### Action item
Every line of the entries below that carries the string "long" should be copied.

### Material provided
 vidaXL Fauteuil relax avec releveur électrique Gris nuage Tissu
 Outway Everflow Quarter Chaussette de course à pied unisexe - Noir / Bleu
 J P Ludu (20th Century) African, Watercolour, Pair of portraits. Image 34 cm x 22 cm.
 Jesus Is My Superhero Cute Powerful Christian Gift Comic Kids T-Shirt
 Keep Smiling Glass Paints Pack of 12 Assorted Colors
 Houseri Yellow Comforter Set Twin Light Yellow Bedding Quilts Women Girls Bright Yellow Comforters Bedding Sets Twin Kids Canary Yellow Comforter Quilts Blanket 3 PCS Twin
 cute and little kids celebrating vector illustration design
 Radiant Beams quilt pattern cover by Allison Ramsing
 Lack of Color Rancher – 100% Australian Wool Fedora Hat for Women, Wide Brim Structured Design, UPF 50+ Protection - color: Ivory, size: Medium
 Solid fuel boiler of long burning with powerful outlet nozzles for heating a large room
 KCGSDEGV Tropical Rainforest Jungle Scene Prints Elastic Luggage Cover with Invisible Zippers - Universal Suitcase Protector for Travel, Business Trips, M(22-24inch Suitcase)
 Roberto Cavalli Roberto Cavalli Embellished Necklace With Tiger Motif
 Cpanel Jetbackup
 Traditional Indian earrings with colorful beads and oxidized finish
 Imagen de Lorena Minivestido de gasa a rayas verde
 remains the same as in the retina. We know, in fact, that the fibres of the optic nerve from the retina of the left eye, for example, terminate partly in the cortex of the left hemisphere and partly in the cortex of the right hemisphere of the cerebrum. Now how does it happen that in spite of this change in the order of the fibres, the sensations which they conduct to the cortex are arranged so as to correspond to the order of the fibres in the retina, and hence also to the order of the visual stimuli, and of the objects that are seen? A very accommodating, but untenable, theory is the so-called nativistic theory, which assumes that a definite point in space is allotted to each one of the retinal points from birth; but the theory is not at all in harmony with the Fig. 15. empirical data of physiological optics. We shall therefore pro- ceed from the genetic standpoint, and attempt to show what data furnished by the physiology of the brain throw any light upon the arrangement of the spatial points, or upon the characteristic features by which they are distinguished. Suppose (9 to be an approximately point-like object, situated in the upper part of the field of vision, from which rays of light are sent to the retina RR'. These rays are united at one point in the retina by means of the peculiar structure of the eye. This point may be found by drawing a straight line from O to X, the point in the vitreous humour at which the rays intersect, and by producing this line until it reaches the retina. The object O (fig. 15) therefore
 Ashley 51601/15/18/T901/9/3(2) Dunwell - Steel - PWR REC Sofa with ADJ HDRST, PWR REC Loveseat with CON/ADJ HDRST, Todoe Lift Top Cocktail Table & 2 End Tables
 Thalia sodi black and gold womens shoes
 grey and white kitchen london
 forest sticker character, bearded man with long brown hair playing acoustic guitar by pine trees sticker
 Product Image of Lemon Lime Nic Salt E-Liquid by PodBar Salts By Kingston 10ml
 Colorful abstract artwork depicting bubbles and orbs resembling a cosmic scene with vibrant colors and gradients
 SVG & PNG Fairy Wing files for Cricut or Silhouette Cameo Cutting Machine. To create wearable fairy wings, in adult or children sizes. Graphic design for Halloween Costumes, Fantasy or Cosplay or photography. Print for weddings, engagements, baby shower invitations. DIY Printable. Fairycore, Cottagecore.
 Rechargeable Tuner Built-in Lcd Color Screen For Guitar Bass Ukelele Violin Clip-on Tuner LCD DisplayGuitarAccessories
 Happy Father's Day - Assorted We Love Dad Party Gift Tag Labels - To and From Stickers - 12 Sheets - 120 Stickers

### Answer to this exercise
 Solid fuel boiler of long burning with powerful outlet nozzles for heating a large room
 forest sticker character, bearded man with long brown hair playing acoustic guitar by pine trees sticker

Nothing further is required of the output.